Traditions and taboos in The Gambia

15/09/2015 12:42

Written by Philip Briggs

Fortunately there exist professional dragon slayers who are immune to such effects, and who for vast sums of money will go and slay dragons.

There are many taboos in Gambian culture. It is widely held, for instance, that if a person dreams of seeing raw fish or a snake, it is a sure sign of pregnancy, or that seeing a shooting star is a portent that a prominent person will die. Another common belief is that anything done on a Saturday will be repeated in the future, for which reason many people avoid visiting the sick and making condolences on this day. It is taboo to buy or sell items like soap, needles or charcoal at night, and it is also forbidden to whistle after dark, since all these things will lead to bad luck. It is also taboo for a widow to go out of her home during her mourning period.

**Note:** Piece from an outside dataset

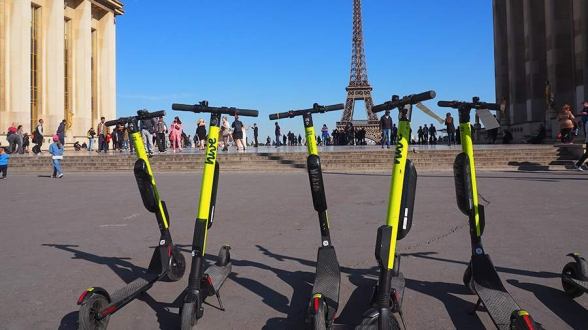Мэр Парижа пообещала запретить с сентября аренду электросамокатов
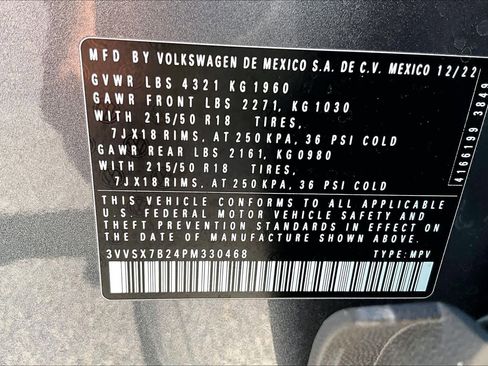 Used 2023 Volkswagen Taos SE image 34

Many animals are believed to have magical or special powers. In rural areas, most people will not kill or eat certain animals because they believe they have some ancestral connection with them. Despite this, many traditional beliefs impact negatively on wildlife. An example is the widespread fear of owls – thought to be transformed wizards and witches whose haunting call announces an impending death – that often results in its subject being killed. By contrast, geckoes and chameleons live charmed lives, in the sense that they are also very widely feared and usually left alone.

Dragons or ninki nanka are the most feared of all animals in The Gambia. They live in remote areas and are usually hostile beasts who are able to kill by merely looking at someone. Fortunately, however, there also exist professional dragon slayers who are immune to such effects, and who for vast sums of money will go and slay dragons. Since no-one else can look at a dragon without dying, clients must rely on the word of the dragon slayer that the deed has been done.

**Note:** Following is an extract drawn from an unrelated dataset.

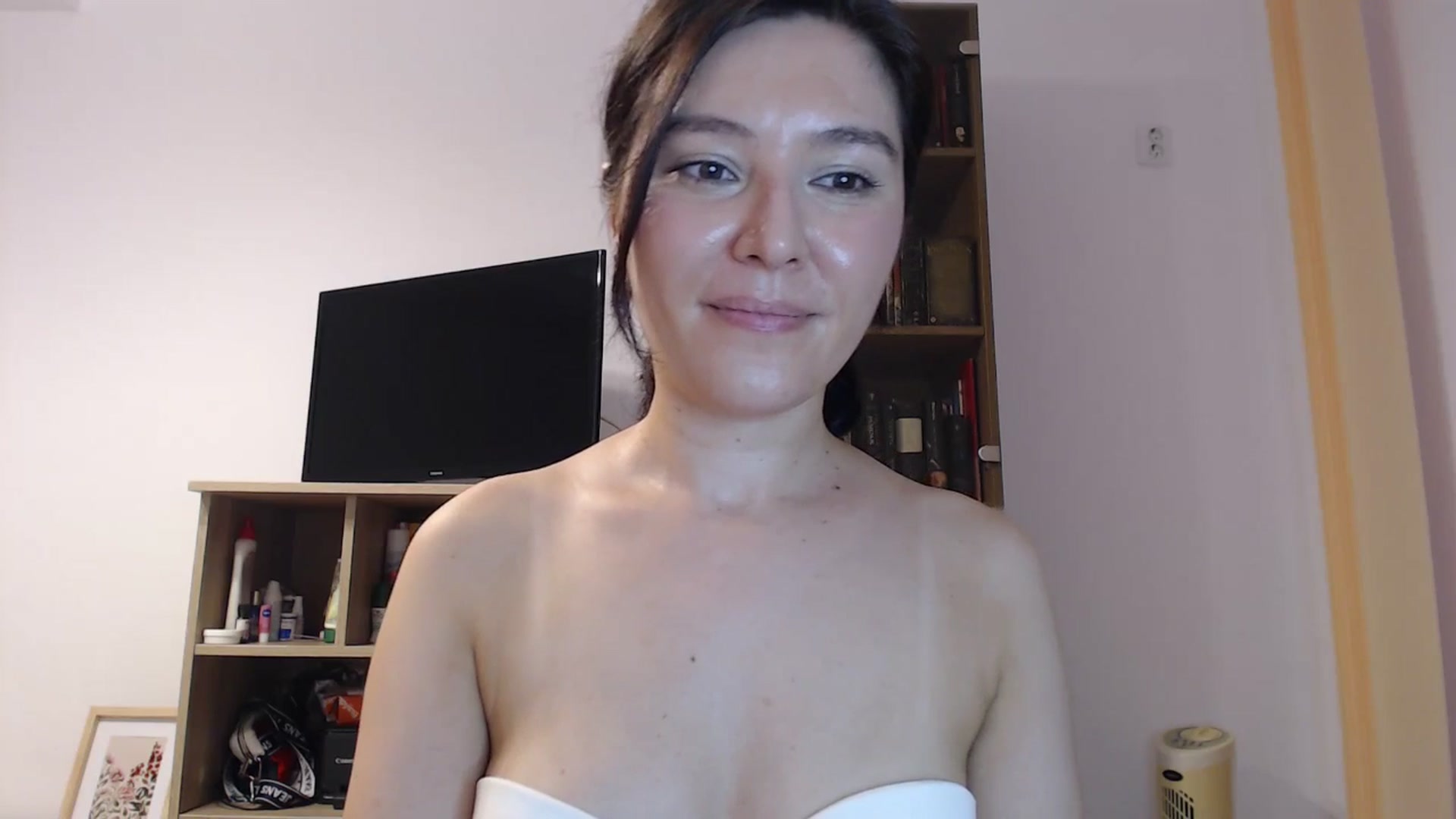 Gallery image thumbnail from SailorJupitr's myfreecams stream on, 08/30/2025, 20:57 image 7 of 20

Gambians are also great believers in the sanctity and holy power of certain places. The sacred crocodile pools provide examples, as do the many special sites scattered throughout the country. These sacred sites range from crocodile pools, groves, trees and stone altars through to tombs, burial sites and places where esteemed holy men have prayed. The sanctity of such places is a blessing in disguise as it is prohibited to cut down the trees or otherwise disturb the sites – and so a small part of The Gambia remains untouched.